On Tuesday, May 23, the Seventh Commission of the House of Representatives of the Colombian Congress approved the health reform bill proposed by the government of President Gustavo Petro and Vice-President Francia Márquez. The reform bill received 14 votes in favor and six against in the debate which is the first stage in the parliamentary process.
During over 8 hours of debate, the members of the commission incorporated 14 new articles and eliminated nine proposed articles. The representatives approved a series of new articles with proposals related to topics such as capitation payments, identification of human talent in health, among others.
Similarly, the officials rejected articles that proposed allocating funds on a regional basis, strengthening of the Health System Resource Administrators (ADRES), among others. Health Minister Guillermo Alfonso Jaramillo reported that the decisions were made together with the different political parties, in order to advance the debate and seek a middle ground.
In addition to the members of the ruling left-wing Historic Pact coalition, the legislators of the Liberal and the U parties, despite their reservations, voted in favor of the majority of the articles.
The approval of the health reform was celebrated by President Petro, health minister Jaramillo, among other leaders.
“Hard work, deep debate. Much deeper than when Law 100 was passed [in 1993]. I congratulate the work of congressmen and congresswomen,” wrote President Petro on twitter, welcoming the approval of the reform.

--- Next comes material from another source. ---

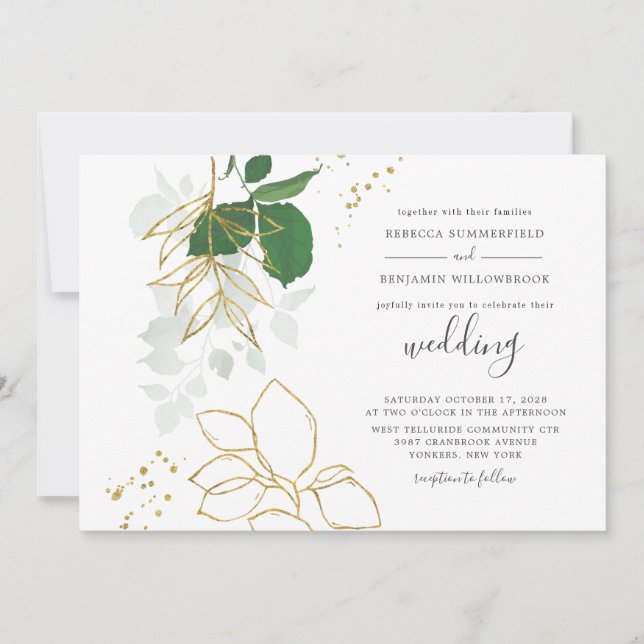 Convite Casamento Eucalyptus Greenery Watercolor (Frente)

For his part, health minister Jaramillo thanked the Commission for approving the reform, adding that the government wants “the best for Colombia” and that it “will continue working for the country to have a great public healthcare system.”
The commission approved 143 articles “that will change the country’s health system and will allow all Colombians to have a model with quality infrastructure, health workers with good salaries and working conditions, and patients with comprehensive care. We will continue to build a better country,” tweeted the Health Ministry.
The health reform promoted by the Petro government seeks to make healthcare a universal right. It proposes a public-private hybrid model that prioritizes primary care to prevent deaths. It suggests creating healthcare access points in each neighborhood and town of the country to ensure every Colombian has access to this service. It advocates the elimination of the intermediation exercised by private insurers (EPS) and the creation of a national health system based on a social insurance model, financed by parafiscal contributions from social security contributions and the nation’s own resources. It also guarantees good conditions and benefits for workers in the sector. The reform is one of the pillars of the national government and marks its agenda of changes for the country.
To become a law, the bill will have to go through three more debates and votes: one in the plenary session of the House of Representatives and two in the Senate.
This week, the commission is also scheduled to debate on the labor reform bill presented by the Petro government. The labor reform bill proposes to reduce working hours, boost overtime pay and expand workers’ rights, among other measures.